* **What the exercise asks**: Copy every entry word for word. Skip the pictures.
[Start of Attachment]
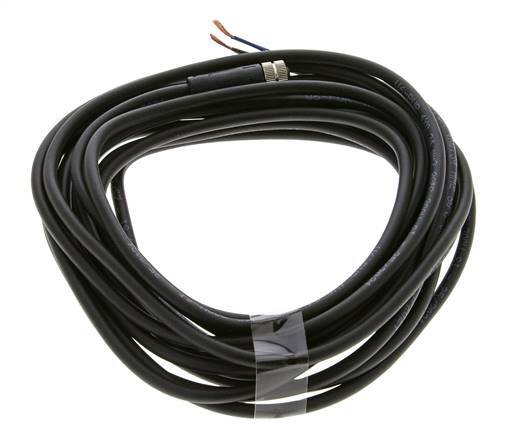 Conexión Línea Conector M8 5m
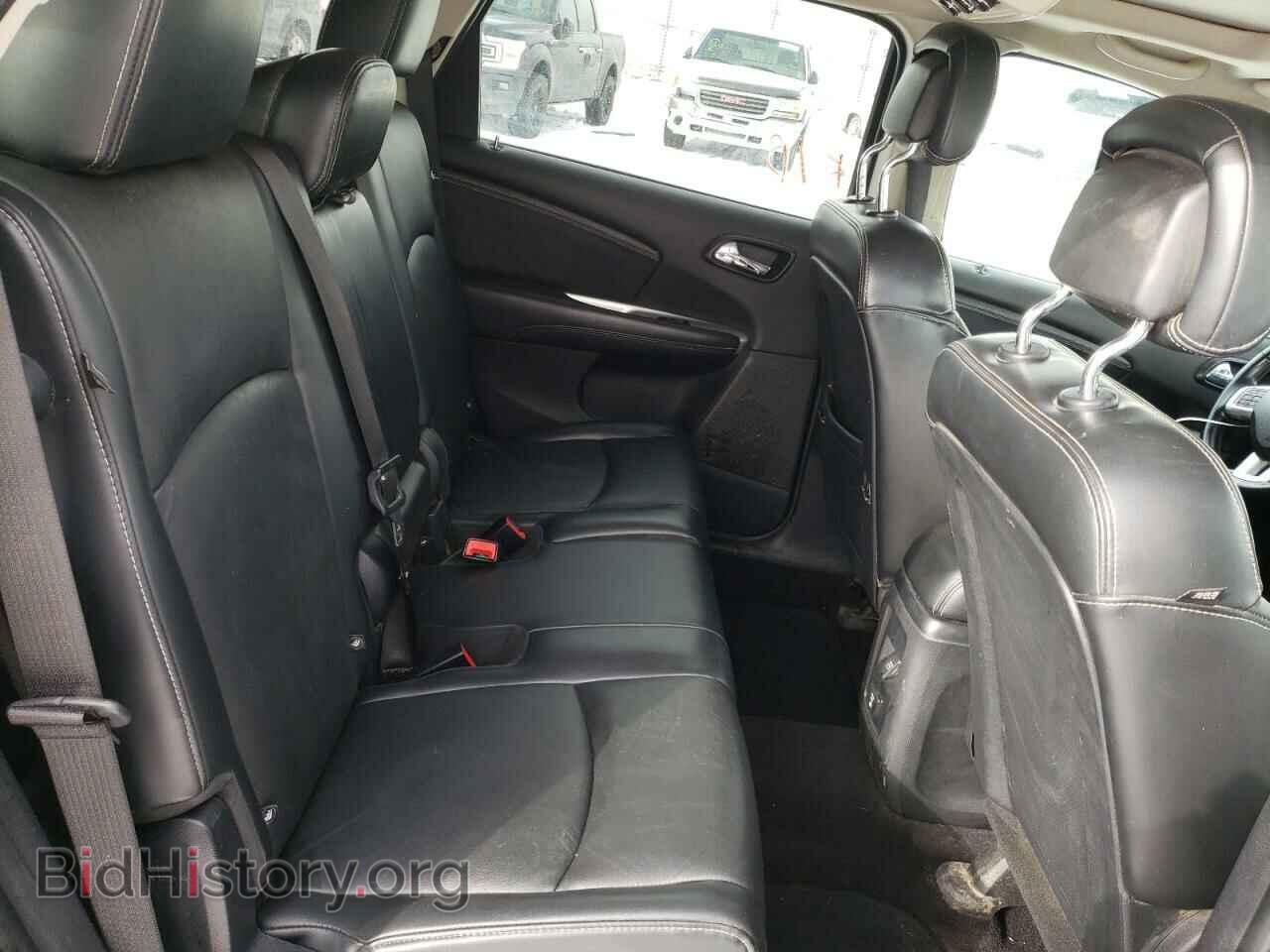 2012 DODGE JOURNEY - VIN: 3C4PDDFG1CT163343 - Фото 6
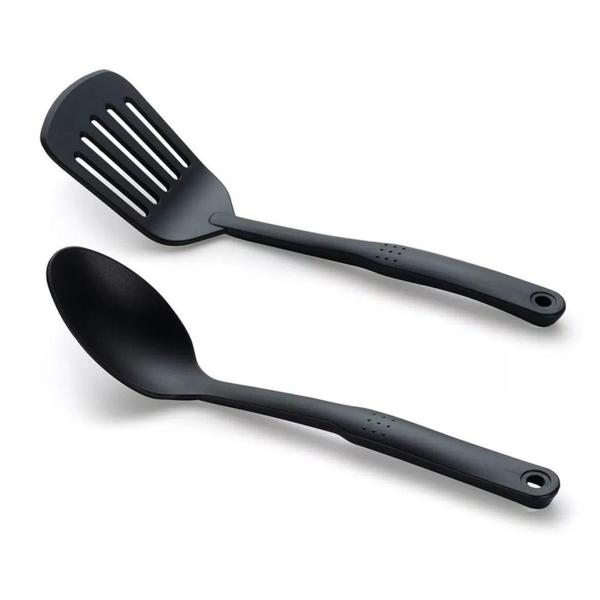 Bateria T-Fal Simple Cook 12 Piezas ThermoSpot Antiadherente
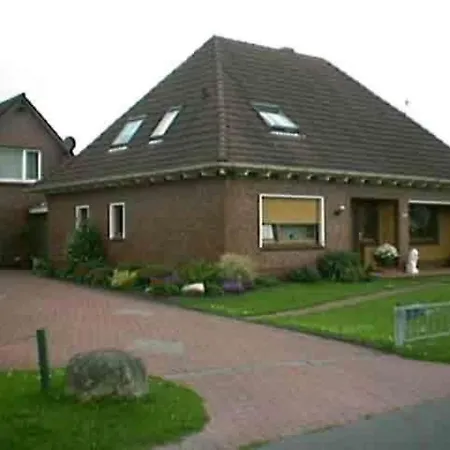 Apartman In Wilhelmsfehn Mit Grill *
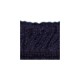 Galon franges mohair 70mm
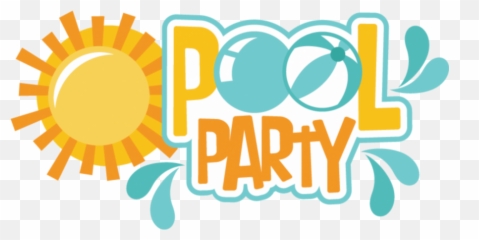 Mq Summer Pool Poolparty Sun Sticker By Marras - Pool Party Png Emoji,Emoji Pool Party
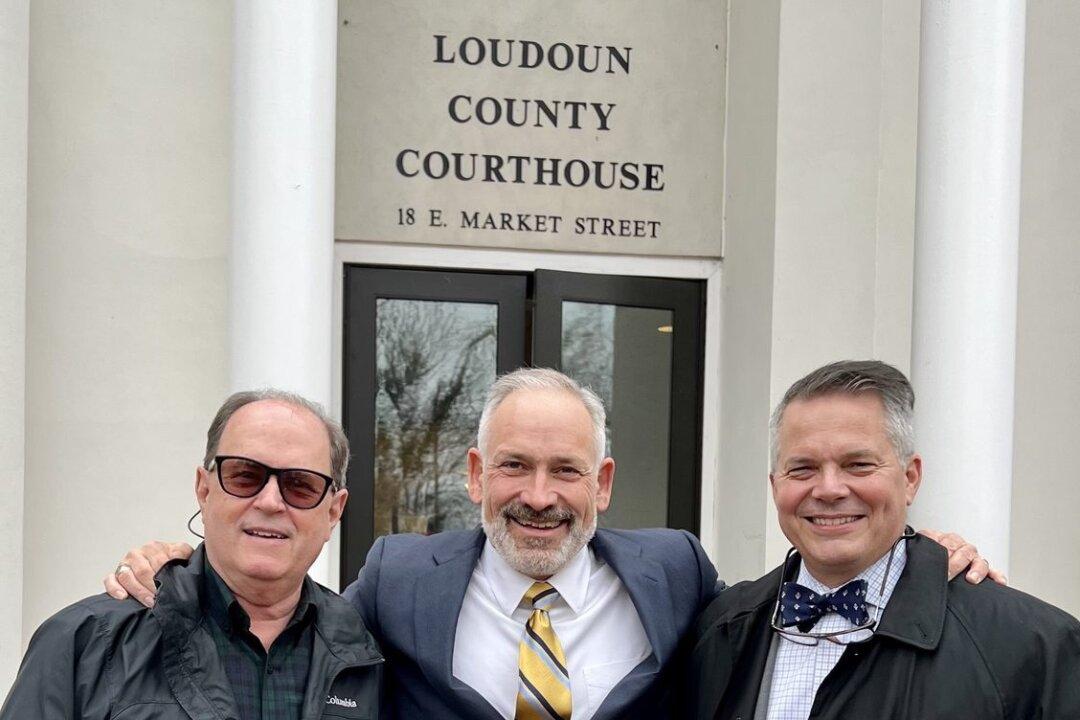 ‘A Free Speech Victory’ in a ‘Very Dark World’: Loudoun County Father Arrested at 2021 School Board Meeting Reacts to Acquittal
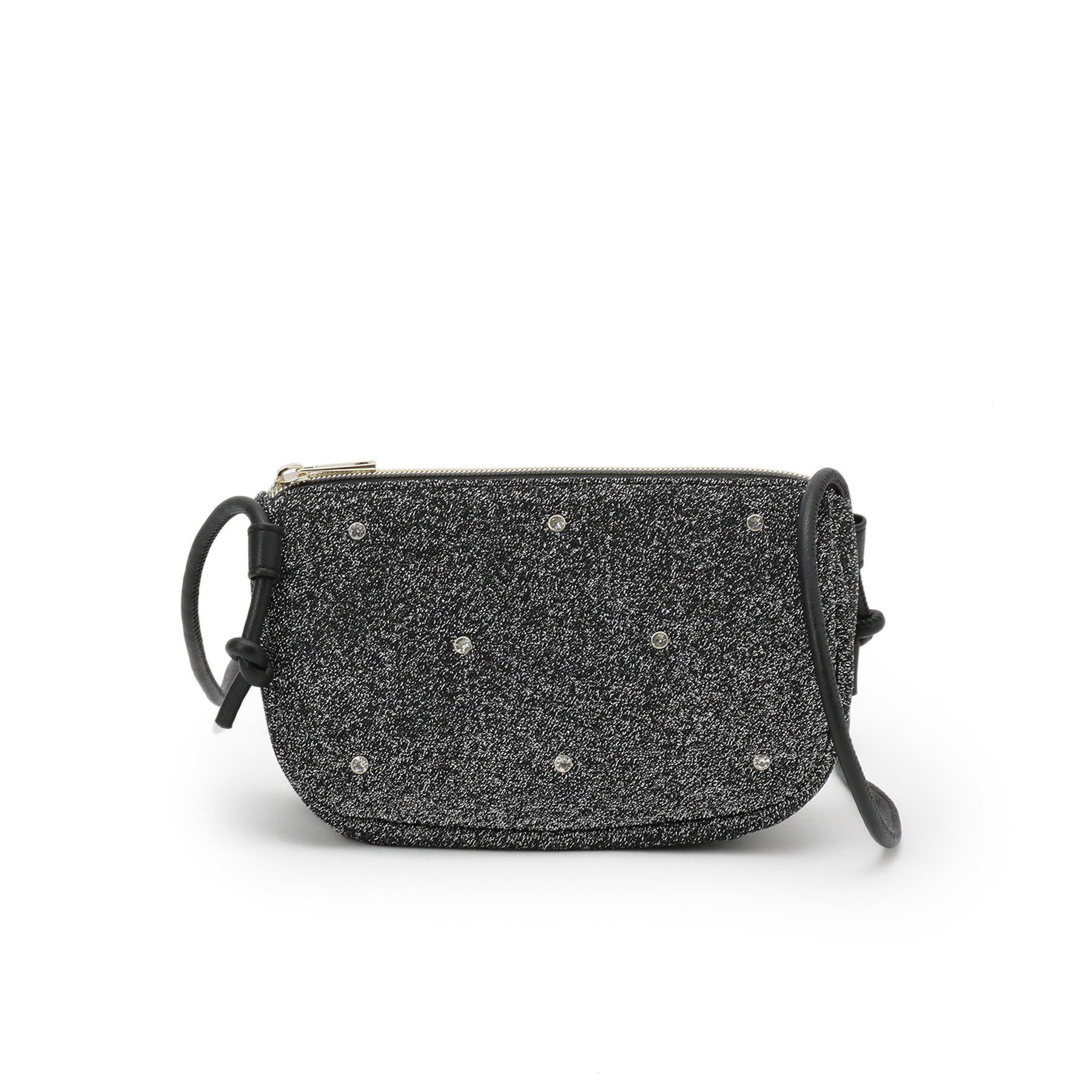 grove「キラスタッズラウンドミニショルダー」|ショルダー・メッセンジャー|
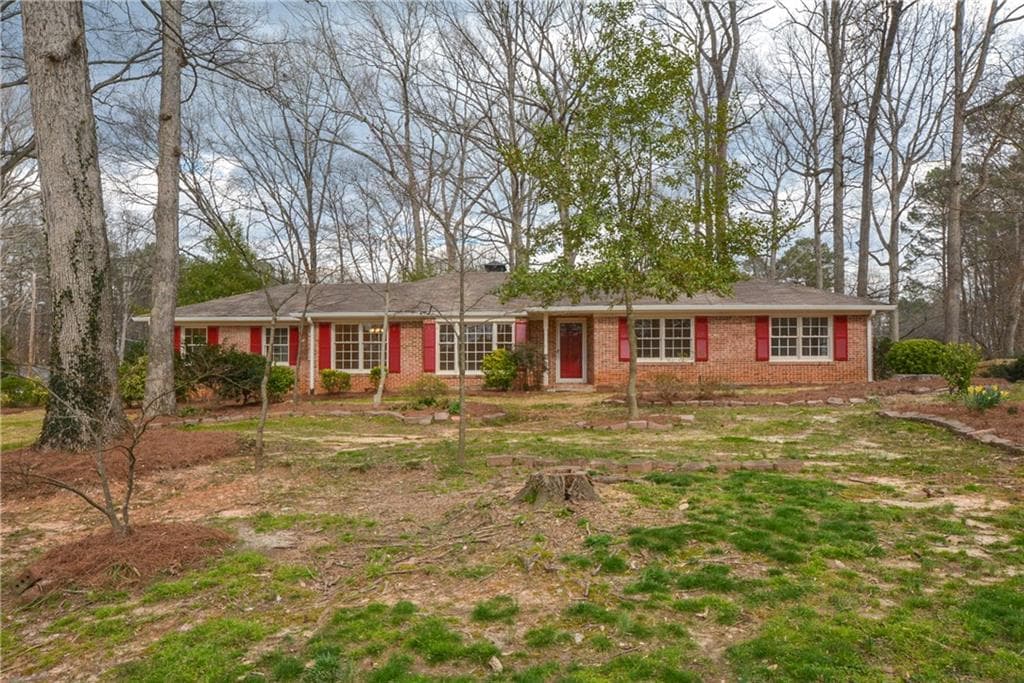 3628 Midvale Road, Tucker, GA 30084 — most recent listing photo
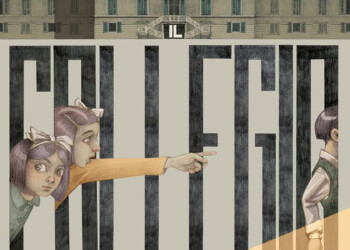 Una storia di coraggio e amore durante la Seconda guerra mondiale e la Resistenza “IL COLLEGIO” di Eliselle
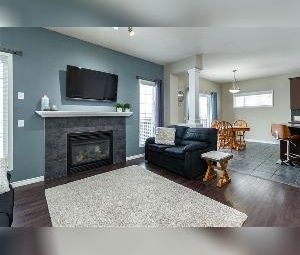 3 Bed 2.5 Bath Dbl Garage Family Home Sherwood Park - Photo 3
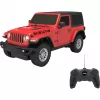 Jamara Jeep Wrangler JL 1:24 40 MHz Remote Control 6+
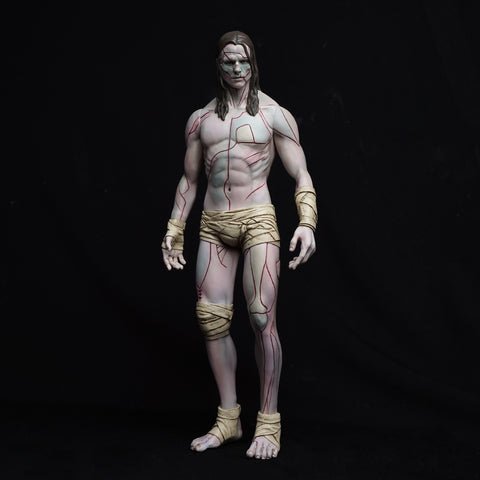 FRANKENSTEIN: THE CREATURE V2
[End of Attachment]
* **Answer to this exercise**:
 Conexión Línea Conector M8 5m
 2012 DODGE JOURNEY - VIN: 3C4PDDFG1CT163343 - Фото 6
 Bateria T-Fal Simple Cook 12 Piezas ThermoSpot Antiadherente
 Apartman In Wilhelmsfehn Mit Grill *
 Galon franges mohair 70mm
 Mq Summer Pool Poolparty Sun Sticker By Marras - Pool Party Png Emoji,Emoji Pool Party
 ‘A Free Speech Victory’ in a ‘Very Dark World’: Loudoun County Father Arrested at 2021 School Board Meeting Reacts to Acquittal
 grove「キラスタッズラウンドミニショルダー」|ショルダー・メッセンジャー|
 3628 Midvale Road, Tucker, GA 30084 — most recent listing photo
 Una storia di coraggio e amore durante la Seconda guerra mondiale e la Resistenza “IL COLLEGIO” di Eliselle
 3 Bed 2.5 Bath Dbl Garage Family Home Sherwood Park - Photo 3
 Jamara Jeep Wrangler JL 1:24 40 MHz Remote Control 6+
 FRANKENSTEIN: THE CREATURE V2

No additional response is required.